Search code examples
scalatiffgeotiffgeotrellis

How to combine multiple TIFF's into one large Geotiff in scala?


I am working on a project for finding water depth and extent using digital ground model (DGM). I have multiple tiff files covering the area of interest and i want to combine them into a single tiff file for quick processing. How can i combine them using my own code below or any other methodology?

I have tried to concatenate the tiles bye getting them as an input one by one and then combining them but it throws GC error probably because there is something wrong with code itself. The code is provided below

import geotrellis.proj4._
import geotrellis.raster._
import geotrellis.raster.io.geotiff._
object waterdepth {
  val directories = List("data")

  //constants to differentiate which bands to use
  val R_BAND = 0
  val G_BAND = 1
  val NIR_BAND = 2

  // Path to our landsat band geotiffs.
  def bandPath(directory: String) = s"../biggis-landuse/radar_data/${directory}"

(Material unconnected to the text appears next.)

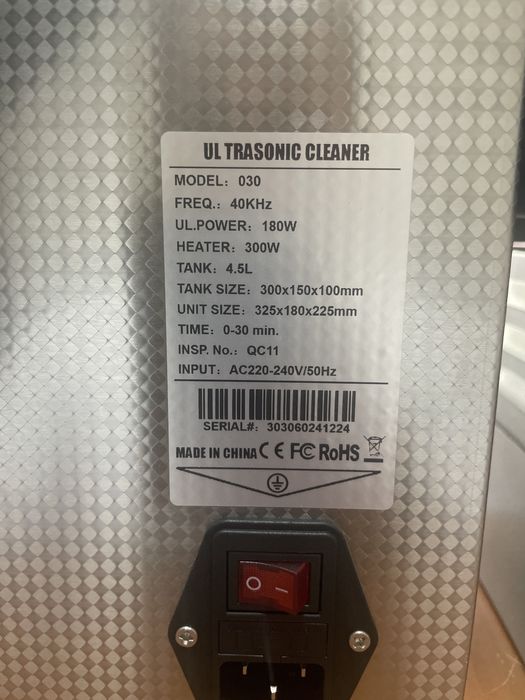 moyka ultrazvuk 4.5 litr sotiladi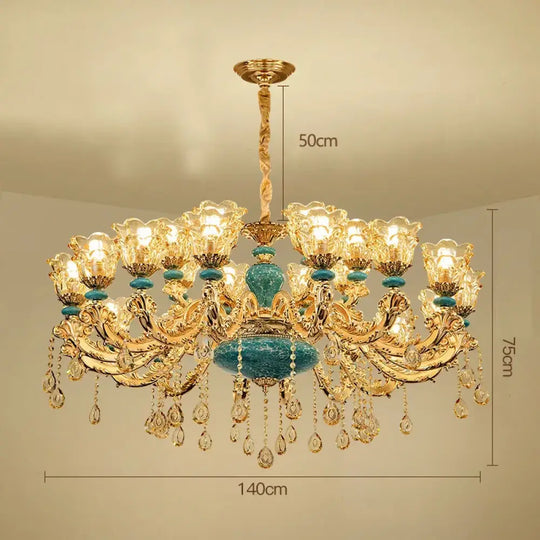 European Luxury Crystal Chandelier Light for Living Room and Bedroom 30 arms / Neutral light / China Mainland Chandelier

  def main(args: Array[String]): Unit = {
    directories.map(directory => generateMultibandGeoTiffFile(directory))
  }

  def generateMultibandGeoTiffFile(directory: String) = {
    val tiffFiles = new java.io.File(bandPath(directory)).listFiles.map(_.toString)

    val singleBandGeoTiffArray = tiffFiles.foldLeft(Array[SinglebandGeoTiff]())((acc, el:String) => {
      acc :+ SinglebandGeoTiff(el)
    })

    val tileArray = ArrayMultibandTile(singleBandGeoTiffArray.map(_.tile))

    println(s"Writing out $directory multispectral tif")
    MultibandGeoTiff(tileArray, singleBandGeoTiffArray(0).extent, singleBandGeoTiffArray(0).crs).write(s"data/$directory.tif")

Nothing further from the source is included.